Volatility in oil prices is based on several factors neither producers nor consumers can control, from Mideast turmoil and war to hurricanes in the Gulf of Mexico to the most recent variable, the pending shutdown and repair of an Alaskan oil pipeline supplying 8 percent of the nation’s daily oil production.

But what consumers can control whenever the latest price-affecting event occurs is themselves. Many of the people who grumble the most about price hikes are the first in line at the gas station topping off their tanks, which only exacerbates the situation and saves them precious few dollars, given that such behavior is virtually guaranteed to result in higher pump prices the next time they pull in.

The repair of the pipeline, which necessitates the shutdown of BP Exploration Alaska Inc.’s production of 400,000 barrels per day, could raise pump prices by up to 10 cents a gallon and cause oil prices to rise by up to $10 per barrel, analysts told the Associated Press.

That’s not counting any panic buying on our part.

When an Arizona pipeline shut down for several days in August 2003, consumers embarked on an orgy of tank-topping that resulted in station after station running out of gasoline, creating long lines for it at the few stations that had any. Last year’s Gulf Coast hurricane devastation led to similar, though not quite as pronounced, panic buying.

Tied as it is to global demand and strife in oil-producing areas of the Middle East and Africa, this nation’s oil future will remain on edge until long-term solutions through new exploration and new refineries are found and implemented.

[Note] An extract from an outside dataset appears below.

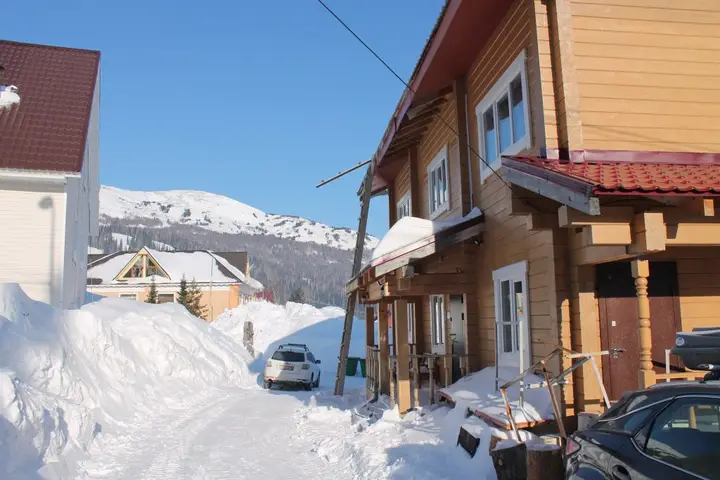 Гостевой дом Медведица — фото 6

Meanwhile, as painful as market-based higher prices are, they do help to temper the demand, allowing for more product to be available for more people. What many consumers cry out for during steep price rises, government-set prices, only would encourage higher demand for gasoline that isn’t there, leading to shortages and empty pumps — and long lines at the fewer places where there is gasoline.

What we can do as consumers is keep our vehicles in their most efficient working order, combine tasks that require us to drive and eliminate unnecessary trips. The gasoline price levels we would thereby be helping to stabilize are no one’s creation but our own.